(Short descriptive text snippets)
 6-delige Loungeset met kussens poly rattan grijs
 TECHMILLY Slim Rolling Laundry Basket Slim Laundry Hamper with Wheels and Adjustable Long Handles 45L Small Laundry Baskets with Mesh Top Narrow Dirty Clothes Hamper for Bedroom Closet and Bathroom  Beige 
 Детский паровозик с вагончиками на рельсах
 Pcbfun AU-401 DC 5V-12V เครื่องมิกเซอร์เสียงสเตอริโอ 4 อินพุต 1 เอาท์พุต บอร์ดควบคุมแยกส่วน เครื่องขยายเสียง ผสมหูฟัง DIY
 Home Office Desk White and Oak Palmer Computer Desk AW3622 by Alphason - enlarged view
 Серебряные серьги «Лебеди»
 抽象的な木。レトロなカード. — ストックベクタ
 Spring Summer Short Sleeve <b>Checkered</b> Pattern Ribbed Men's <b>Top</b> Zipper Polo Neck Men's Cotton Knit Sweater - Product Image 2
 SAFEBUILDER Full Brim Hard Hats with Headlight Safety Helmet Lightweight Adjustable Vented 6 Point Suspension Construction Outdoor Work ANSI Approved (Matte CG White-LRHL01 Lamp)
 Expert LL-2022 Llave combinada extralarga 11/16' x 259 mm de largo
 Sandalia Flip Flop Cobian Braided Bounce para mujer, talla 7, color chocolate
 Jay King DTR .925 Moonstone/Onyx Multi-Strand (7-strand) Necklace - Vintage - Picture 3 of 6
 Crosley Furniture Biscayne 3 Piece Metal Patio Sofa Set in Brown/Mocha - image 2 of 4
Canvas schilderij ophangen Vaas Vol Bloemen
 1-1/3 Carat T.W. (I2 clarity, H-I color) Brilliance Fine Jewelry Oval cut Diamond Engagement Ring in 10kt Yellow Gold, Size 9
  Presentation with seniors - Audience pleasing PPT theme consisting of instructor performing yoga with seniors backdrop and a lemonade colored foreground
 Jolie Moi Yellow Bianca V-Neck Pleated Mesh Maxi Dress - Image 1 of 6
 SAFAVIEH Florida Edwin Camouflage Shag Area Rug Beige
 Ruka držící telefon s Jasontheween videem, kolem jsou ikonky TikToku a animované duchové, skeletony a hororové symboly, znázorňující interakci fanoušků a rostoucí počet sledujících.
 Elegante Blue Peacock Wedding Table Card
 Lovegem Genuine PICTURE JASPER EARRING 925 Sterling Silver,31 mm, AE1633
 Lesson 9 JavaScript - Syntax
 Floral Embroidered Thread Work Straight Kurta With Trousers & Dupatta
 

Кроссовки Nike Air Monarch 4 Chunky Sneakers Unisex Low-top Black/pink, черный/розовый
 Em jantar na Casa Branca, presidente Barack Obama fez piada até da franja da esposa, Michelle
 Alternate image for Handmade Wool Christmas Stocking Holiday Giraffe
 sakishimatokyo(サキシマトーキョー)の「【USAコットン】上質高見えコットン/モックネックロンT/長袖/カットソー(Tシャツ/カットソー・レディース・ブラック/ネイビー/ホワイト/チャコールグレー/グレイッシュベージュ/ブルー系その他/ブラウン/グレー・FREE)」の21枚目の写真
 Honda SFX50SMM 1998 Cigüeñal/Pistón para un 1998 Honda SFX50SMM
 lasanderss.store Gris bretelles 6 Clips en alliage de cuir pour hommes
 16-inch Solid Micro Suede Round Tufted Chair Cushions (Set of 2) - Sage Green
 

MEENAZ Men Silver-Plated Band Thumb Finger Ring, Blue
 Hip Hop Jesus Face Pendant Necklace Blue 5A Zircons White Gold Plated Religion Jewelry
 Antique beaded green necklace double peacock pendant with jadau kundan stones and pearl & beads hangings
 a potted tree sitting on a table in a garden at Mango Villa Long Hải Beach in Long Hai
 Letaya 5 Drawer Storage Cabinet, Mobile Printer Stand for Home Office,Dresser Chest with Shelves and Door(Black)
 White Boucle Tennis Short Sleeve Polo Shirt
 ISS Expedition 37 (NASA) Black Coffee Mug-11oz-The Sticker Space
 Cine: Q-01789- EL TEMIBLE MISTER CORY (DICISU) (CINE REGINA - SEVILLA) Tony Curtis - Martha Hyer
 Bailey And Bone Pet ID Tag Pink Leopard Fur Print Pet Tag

■ What you have to do: Exactly as written, please reproduce the lines from the first line of the data to the line containing "Expert LL-2022 Llave", inclusive, and nothing else.

■ Answer box:
 6-delige Loungeset met kussens poly rattan grijs
 TECHMILLY Slim Rolling Laundry Basket Slim Laundry Hamper with Wheels and Adjustable Long Handles 45L Small Laundry Baskets with Mesh Top Narrow Dirty Clothes Hamper for Bedroom Closet and Bathroom  Beige 
 Детский паровозик с вагончиками на рельсах
 Pcbfun AU-401 DC 5V-12V เครื่องมิกเซอร์เสียงสเตอริโอ 4 อินพุต 1 เอาท์พุต บอร์ดควบคุมแยกส่วน เครื่องขยายเสียง ผสมหูฟัง DIY
 Home Office Desk White and Oak Palmer Computer Desk AW3622 by Alphason - enlarged view
 Серебряные серьги «Лебеди»
 抽象的な木。レトロなカード. — ストックベクタ
 Spring Summer Short Sleeve <b>Checkered</b> Pattern Ribbed Men's <b>Top</b> Zipper Polo Neck Men's Cotton Knit Sweater - Product Image 2
 SAFEBUILDER Full Brim Hard Hats with Headlight Safety Helmet Lightweight Adjustable Vented 6 Point Suspension Construction Outdoor Work ANSI Approved (Matte CG White-LRHL01 Lamp)
 Expert LL-2022 Llave combinada extralarga 11/16' x 259 mm de largo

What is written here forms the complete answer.